However, further research shows that for the unit spaces shown in Fig. 4, if they are divided according to the attribute order of F₂ dimension first and then F₁ dimension, the construction of decision tree is shown in Fig. 6. Obviously, if the selection order of classification attributes is different, the constructed decision tree and classification efficiency will also be different. For example, when the decision tree in Fig. 5 is used for packet classification, we first perform packet matching on eight nodes of F₁ dimension. Because the range value of each node is strictly increasing, the Binary Search algorithm can be adopted, and the time complexity is log₂(8) = 3. However, when the decision tree shown in Fig. 6 is used for packet classification, the time complexity of matching on the first layer is log₂(3)≈1.58. Combing the matching time on the second layer, it can be easily calculated that the efficiency of packet classification according to the decision tree shown in Fig. 6 is higher than that in Fig. 5.

Through the analysis of the above examples, it can be inferred that when constructing a decision tree according to the specified classification rules, the selection of attribute order will affect the efficiency of package classification. Therefore, the problem we are faced with is how to determine the order of attribute selection when constructing the decision tree, so as to make the package classification based on the decision tree more efficient.

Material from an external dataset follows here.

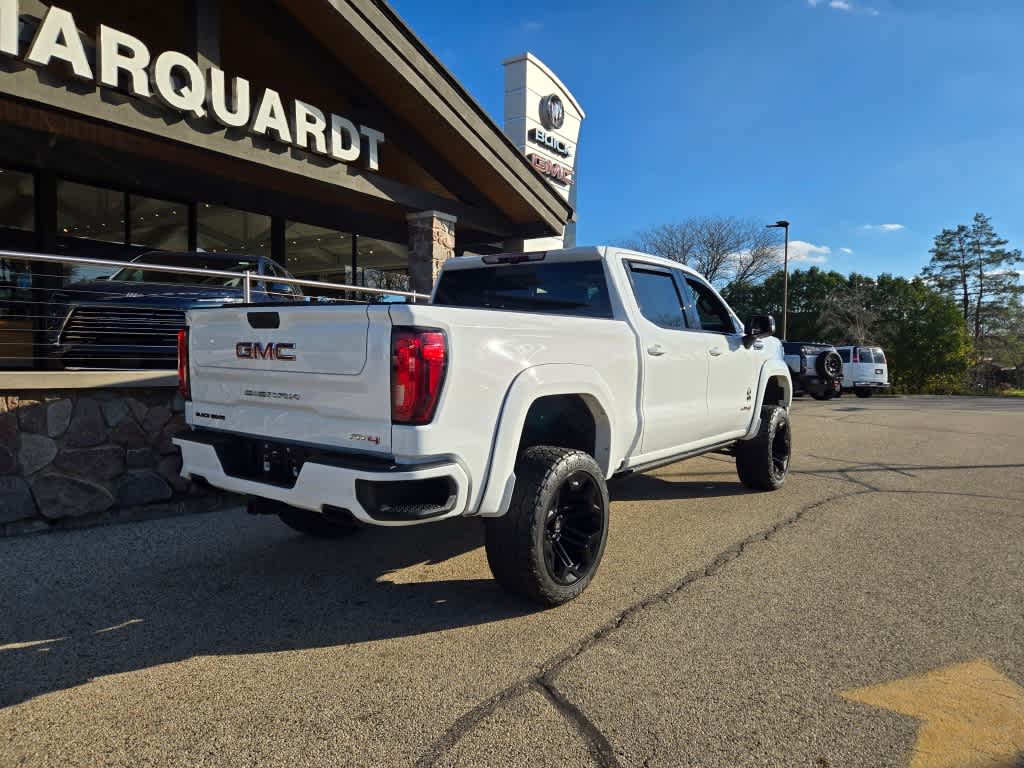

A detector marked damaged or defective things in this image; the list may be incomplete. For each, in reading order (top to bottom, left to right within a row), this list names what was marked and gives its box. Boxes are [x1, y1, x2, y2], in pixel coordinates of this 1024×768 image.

crack in asphalt [415, 487, 872, 768]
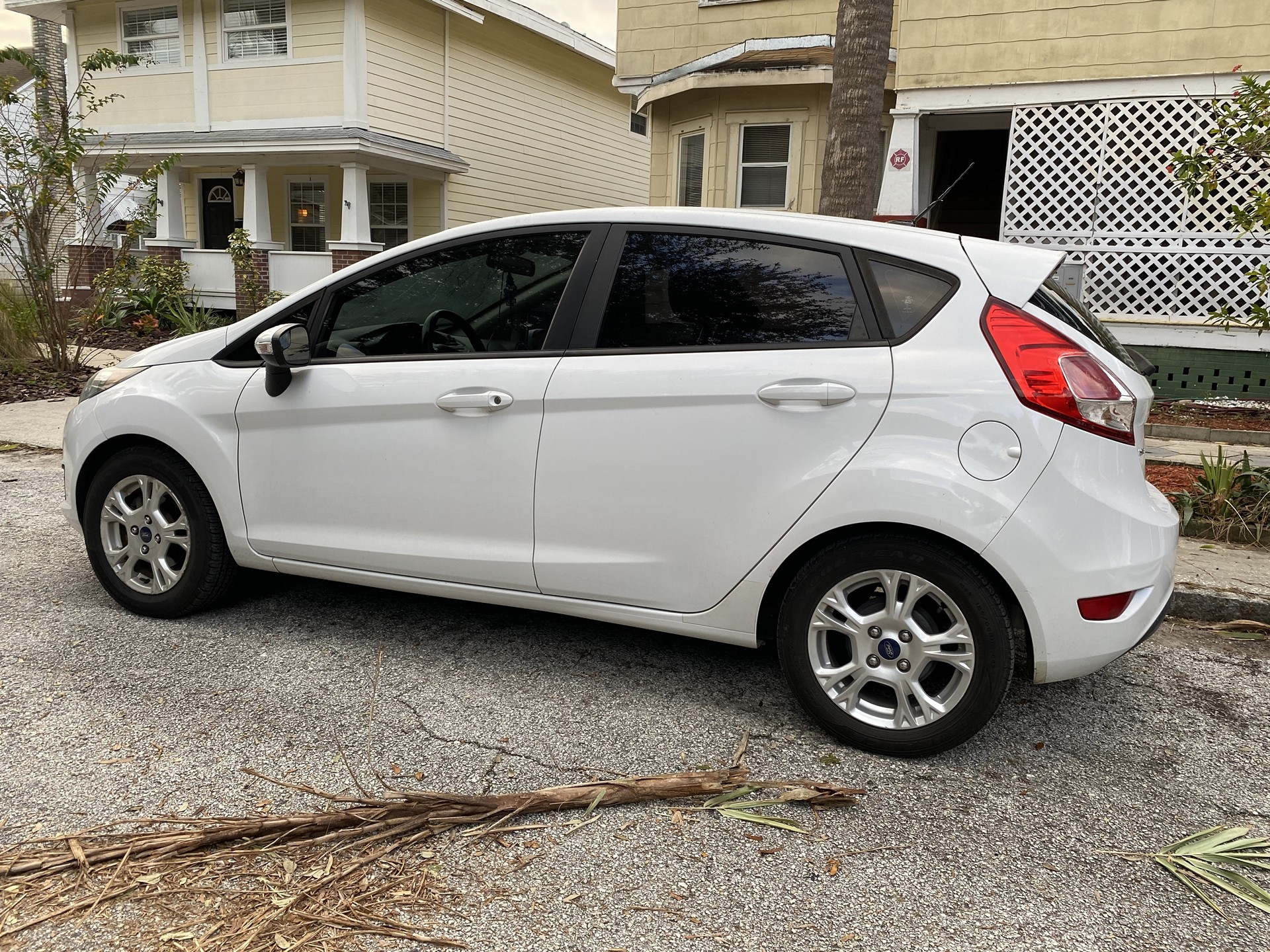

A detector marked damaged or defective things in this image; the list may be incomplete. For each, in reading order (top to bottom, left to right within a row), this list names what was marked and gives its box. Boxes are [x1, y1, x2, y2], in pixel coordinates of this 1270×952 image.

cracked pavement [7, 449, 1270, 952]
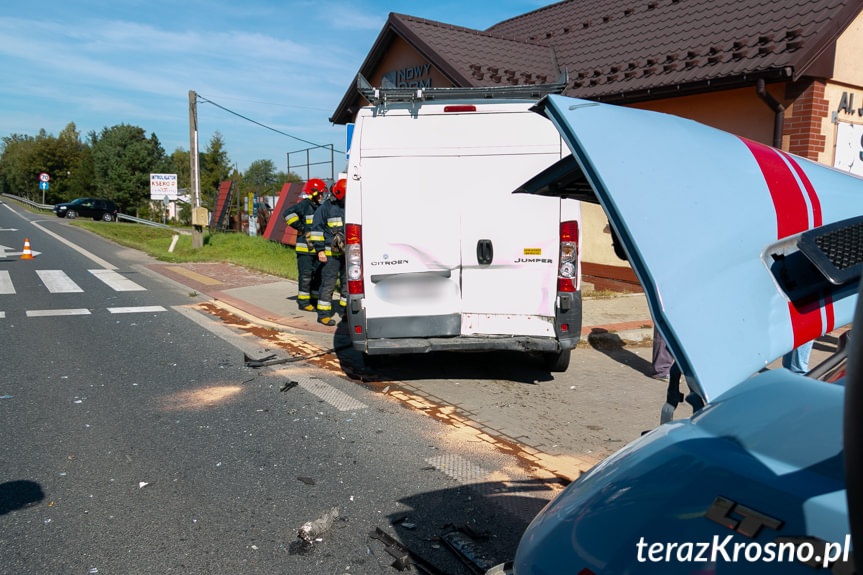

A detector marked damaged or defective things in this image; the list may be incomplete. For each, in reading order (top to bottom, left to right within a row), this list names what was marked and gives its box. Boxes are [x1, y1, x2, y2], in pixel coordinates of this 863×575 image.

Generally speaking, the most intuitive way to deal with this problem is to construct all decision trees according to different arrangement of attributes, and then carry out package classification and efficiency comparison. However, for k-dimensional classification rules, to determine the decision tree with the highest classification efficiency, it is necessary to construct k factorial (e.g., 5 factorial equals 120) decision trees, and then classify packets based on them, respectively, and compare the classification efficiency. This is a global optimized solution, but it is obviously too time-consuming and difficult to realize. Therefore, we designed a heuristic decision tree construction method, PCMIgr. Based on the idea of greedy strategy, this method selects the attribute with the highest "information gain ratio" at each decision tree node. According to Informatics theory, information entropy can be used to measure the uncertainty of data samples and categories with different characteristics. The greater the information entropy of the eigenvector, the greater the uncertainty, so we should give priority to dividing from the eigenvector.

In this paper, the information gain ratio is used to select attributes, which overcomes the disadvantages of selecting attributes with more values when using information gain [29]. The experimental results show that the decision tree based on information gain ratio has higher classification efficiency, and does not require additional memory. It is suitable for high-speed real-time packet classification.

The main innovation of this method is that the attribute selection in the traditional classification method based on decision tree is optimized, and the classification efficiency of the constructed decision tree is improved compared with that before optimization. At the same time, the decision tree ensures that each leaf node is associated with only one rule, which avoids the deficiency that the traditional decision tree needs to continue sequence matching after the packet matches the leaf node. More importantly, the decision tree avoids the common problem of "rule replication" in traditional decision tree construction, and effectively saves memory and calculation time.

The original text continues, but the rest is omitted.